Thursday, February 13, 2014

Customs on digital border interceptions

The increased public scrutiny of Customs' search and seizure of digital devices has forced them to release some statistics - and some spin:

Last year, Customs detained 295 computers and 548 electronic devices for detailed examination of equipment that were suspected to contain objectionable material or other evidence of border offending.

In 2013, targeted searches of passengers’ luggage at airports led to a number of arrests, including a German tourist who was jailed for importing objectionable publications and images after Customs found over 35,000 child sexual abuse images on his laptop.

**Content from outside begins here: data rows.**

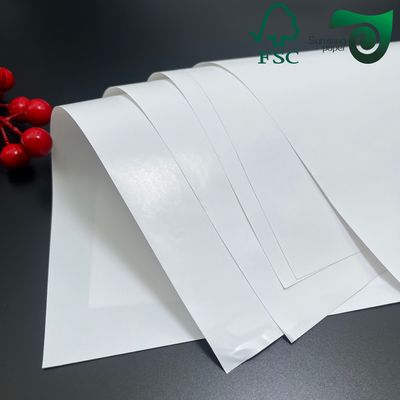 FSC 2 Side Couche Glossy Coated Paper   Anti Curl  115gsm 300gsm C2S Art Board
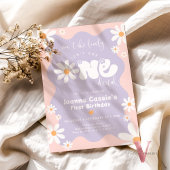 Invitation Couleurs modifiables UN Daisy Daisy Été Anniversai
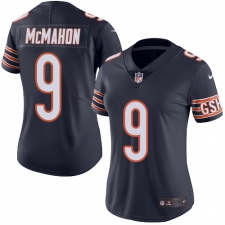 Women's Nike Chicago Bears #9 Jim McMahon Navy Blue Team Color Vapor Untouchable Limited Player NFL Jersey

Customs would have you believe that this is all about child pornography. But stats released last year showed that half of all seizures were in fact for "materials breaching intellectual property rights". Those stats also showed that between september 2012 and August 2013, only 234 searches resulted in finding prohibited material. Assuming the number of searches has not jumped dramatically in the last four months, this suggests that only around a quarter of these grossly intrusive searches are successful.

Plus of course there's their unlawful searches of bystander's devices to allow Police to circumvent the Search and Surveillance Act, and their searches for the FBI for "brownie points".

But that's OK, because they assure us that "“Those who don’t break the law have nothing to worry about". Bullshit. The unreasonable seizure of Sam Blackman's devices shows that the innocent have a lot to worry about - and that Customs may be misusing its powers to conduct political searches.

While Customs' openness is welcome here, there needs to be a lot more of it, as well as much tighter constraints on their powers. We have a right against unreasonable search and seizure. Customs' limitless powers seem to be the very definition of "unreasonable".